MPs want to know who gave the green light to the navy personnel to sell their stories - itself a highly unusual move - and why that permission was given.
Mr Browne is said to have the support of service chiefs
They expect to hear an explanation of why the defence secretary overturned the decision three days later and why he was allegedly away from his desk as the affair erupted.
And, most importantly, they want to know how the personnel were captured in the first place and what is being done to ensure it does not happen again.
Mr Browne's supporters believe he has good answers to all those questions which should reassure MPs and head off any opposition demands for his head.
He has already suggested it was navy chiefs who made the original decision to allow the sale of the stories, that he merely "noted it" and that he later realised this was a mistake and reversed the decision.
That has seen cabinet colleague John Reid describing him as "courageous" for taking personal responsibility.
And the fact that service chiefs - who gave the original go-ahead for the sale of the stories - are now backing him will help, up to a point. Former Tory defence secretary Michael Portillo has, for example, claimed their support is "tainted" by their own involvement in the affair.

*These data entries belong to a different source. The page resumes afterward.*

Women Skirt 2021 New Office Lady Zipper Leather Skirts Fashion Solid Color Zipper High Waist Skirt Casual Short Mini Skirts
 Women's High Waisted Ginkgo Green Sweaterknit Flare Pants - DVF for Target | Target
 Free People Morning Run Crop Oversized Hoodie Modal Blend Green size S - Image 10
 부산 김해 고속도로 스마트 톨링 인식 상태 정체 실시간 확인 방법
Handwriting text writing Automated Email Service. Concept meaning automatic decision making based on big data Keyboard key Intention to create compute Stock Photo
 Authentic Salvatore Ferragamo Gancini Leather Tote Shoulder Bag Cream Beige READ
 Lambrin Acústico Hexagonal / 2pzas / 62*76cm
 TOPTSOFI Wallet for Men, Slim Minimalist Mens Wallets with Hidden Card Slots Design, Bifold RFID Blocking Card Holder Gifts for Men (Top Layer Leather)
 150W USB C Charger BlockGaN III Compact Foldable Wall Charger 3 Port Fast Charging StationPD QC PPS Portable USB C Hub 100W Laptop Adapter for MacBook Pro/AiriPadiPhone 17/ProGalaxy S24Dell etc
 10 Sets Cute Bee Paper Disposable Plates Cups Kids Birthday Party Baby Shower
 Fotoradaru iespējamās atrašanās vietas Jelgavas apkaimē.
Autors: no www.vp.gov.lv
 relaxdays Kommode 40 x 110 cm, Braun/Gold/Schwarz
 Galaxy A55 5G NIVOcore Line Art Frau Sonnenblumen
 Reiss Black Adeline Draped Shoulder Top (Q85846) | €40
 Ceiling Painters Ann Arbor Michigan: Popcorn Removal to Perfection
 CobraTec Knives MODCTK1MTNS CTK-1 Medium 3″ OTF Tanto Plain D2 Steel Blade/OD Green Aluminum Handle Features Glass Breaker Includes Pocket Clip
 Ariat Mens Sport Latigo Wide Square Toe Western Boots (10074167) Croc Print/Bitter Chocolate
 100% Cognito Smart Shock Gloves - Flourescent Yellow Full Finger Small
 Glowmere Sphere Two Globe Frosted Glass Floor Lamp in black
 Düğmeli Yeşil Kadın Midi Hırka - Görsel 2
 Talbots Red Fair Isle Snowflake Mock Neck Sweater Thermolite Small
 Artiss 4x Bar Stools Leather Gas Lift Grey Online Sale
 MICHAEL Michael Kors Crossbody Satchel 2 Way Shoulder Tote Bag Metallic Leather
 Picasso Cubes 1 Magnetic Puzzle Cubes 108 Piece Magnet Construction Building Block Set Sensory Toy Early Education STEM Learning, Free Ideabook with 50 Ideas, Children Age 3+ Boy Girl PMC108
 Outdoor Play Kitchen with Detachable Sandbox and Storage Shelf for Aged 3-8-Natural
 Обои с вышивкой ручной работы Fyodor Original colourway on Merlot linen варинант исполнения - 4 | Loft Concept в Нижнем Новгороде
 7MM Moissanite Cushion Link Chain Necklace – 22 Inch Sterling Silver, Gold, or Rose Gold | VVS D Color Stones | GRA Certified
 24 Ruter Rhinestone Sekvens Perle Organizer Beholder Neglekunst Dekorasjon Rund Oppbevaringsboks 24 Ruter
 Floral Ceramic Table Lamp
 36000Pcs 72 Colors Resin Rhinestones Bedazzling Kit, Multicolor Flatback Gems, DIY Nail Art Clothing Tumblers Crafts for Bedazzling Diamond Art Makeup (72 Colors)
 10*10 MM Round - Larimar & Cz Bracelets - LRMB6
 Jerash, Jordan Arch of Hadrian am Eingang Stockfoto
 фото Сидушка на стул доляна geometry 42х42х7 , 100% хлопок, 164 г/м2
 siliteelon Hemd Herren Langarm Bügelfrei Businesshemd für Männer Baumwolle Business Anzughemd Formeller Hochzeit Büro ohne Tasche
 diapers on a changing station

Mr Browne's future may lie in Chancellor Gordon Brown's hands
All of this may be deeply embarrassing for Mr Browne and may well undermine his reputation as a safe pair of hands, but most seem to believe it is unlikely to prove fatal - at the moment.
It is the other, less straightforward questions that may prove the most damaging in the longer term, however.
There are suspicions that Mr Browne and Downing Street were far more involved in the original decision than admitted, that ministers - and even the prime minister - were so dismayed by the propaganda coup pulled off by Iran over the affair that they were desperate to hit back.
In other words, it was another example of mishandled spin. If that is ever confirmed it would prove hugely damaging to both Mr Browne and the prime minister.
And, of course, Mr Browne is a close ally of Chancellor Gordon Brown so the continued wrangling over the Labour leadership is providing another undercurrent.
Does the prime minister still have the power or will to sack a Brown ally, or would he rather leave that painful decision to the Chancellor himself when he takes over as prime minister in a few weeks' time, as expected?
And how will prime minister Brown react to this affair and the way his friend has managed it. Will the defence secretary be a casualty in Mr Brown's cabinet re-shuffle?